Se Pentecostes fosse hoje, como é que Pentecostes se passaria?

Há um dado fundamental que distingue os dias de hoje dos dias de outrora. Havia o mal naquele tempo. A tal ponto havia o mal, que houve a Paixão e Morte de Nosso Senhor Jesus Cristo. Mais ainda: entre os fariseus que Nosso Senhor reprovou com tanta veemência, havia um homem que foi depois um vaso de eleição, mas que era naquele tempo o fariseu Apóstolo Saulo, que foi dos assassinos de Santo Estevão, o primeiro mártir da Igreja Católica. A prova que existia o mal eram os saduceus, os fariseus, os escribas, os doutores da lei e todo o mundo que aplaudiu a Paixão e a Morte d’Ele, todo o mundo que aclamou, pedindo que fosse libertado Barrabás, o infame, para que o Justo fosse executado.
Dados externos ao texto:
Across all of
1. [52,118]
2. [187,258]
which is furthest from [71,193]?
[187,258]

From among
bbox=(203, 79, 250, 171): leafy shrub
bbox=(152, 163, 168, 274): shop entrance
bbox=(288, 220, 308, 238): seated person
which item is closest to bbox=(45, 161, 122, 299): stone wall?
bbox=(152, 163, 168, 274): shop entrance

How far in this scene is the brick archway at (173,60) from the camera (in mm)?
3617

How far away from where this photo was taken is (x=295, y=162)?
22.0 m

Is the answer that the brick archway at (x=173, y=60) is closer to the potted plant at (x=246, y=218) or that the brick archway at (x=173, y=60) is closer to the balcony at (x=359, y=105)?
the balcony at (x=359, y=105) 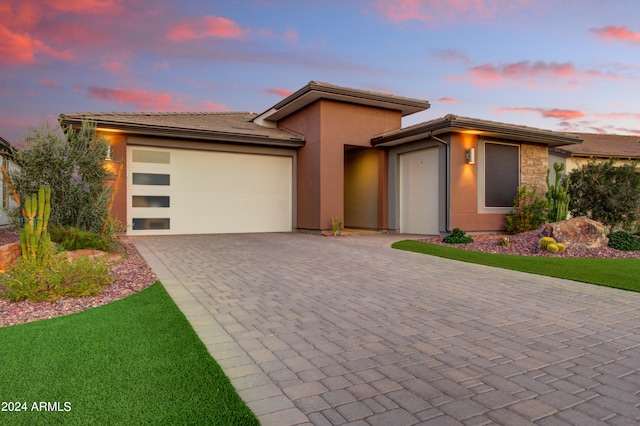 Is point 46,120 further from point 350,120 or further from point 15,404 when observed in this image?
point 350,120

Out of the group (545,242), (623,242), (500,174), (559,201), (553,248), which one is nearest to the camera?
(553,248)

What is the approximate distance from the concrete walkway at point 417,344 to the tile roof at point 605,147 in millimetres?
14477

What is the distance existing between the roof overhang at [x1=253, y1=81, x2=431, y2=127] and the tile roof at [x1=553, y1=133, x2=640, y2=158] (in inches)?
301

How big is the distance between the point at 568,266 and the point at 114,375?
7432 millimetres

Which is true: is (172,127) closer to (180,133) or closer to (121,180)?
(180,133)

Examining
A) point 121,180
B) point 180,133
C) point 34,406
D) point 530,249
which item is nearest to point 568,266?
point 530,249

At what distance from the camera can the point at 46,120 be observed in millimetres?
7406

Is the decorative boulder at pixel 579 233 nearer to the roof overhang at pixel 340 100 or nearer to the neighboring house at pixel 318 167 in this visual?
the neighboring house at pixel 318 167

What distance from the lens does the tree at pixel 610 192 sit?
10.0 metres

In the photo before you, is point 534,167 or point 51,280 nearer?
point 51,280

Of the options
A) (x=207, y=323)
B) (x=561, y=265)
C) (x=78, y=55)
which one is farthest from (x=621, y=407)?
(x=78, y=55)

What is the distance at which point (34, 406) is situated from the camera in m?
2.03

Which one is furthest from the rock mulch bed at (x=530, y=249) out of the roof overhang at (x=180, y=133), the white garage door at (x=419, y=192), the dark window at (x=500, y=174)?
the roof overhang at (x=180, y=133)

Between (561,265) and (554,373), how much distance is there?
5282 millimetres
Havia o mal, mas não havia Revolução. Quer dizer, a Revolução é uma forma organizada de mal, é uma forma articulada, ela é estruturada como se fosse um país invisível, ela existe por toda a parte. Ela não é visível em nenhum lugar, mas ela existe por toda a parte, por toda a parte ela trama, por toda a parte ela procura atacar.

Nos nossos tempos, existindo a Revolução, se nós tivéssemos que imaginar um fenômeno parecido com o de Pentecostes, nós teríamos que imaginar – e com que gosto! – os Anjos por toda a parte esmagando a Revolução.

E uma conversão completa, um repúdio completo a todo o mal que havíamos feito. Um amor inteiro a todo o bem que éramos chamados a fazer e não havíamos feito. Um amor inteiro ao bem que havia em nós, mas que não tinha crescido tanto quanto devia. E um voo até à santidade!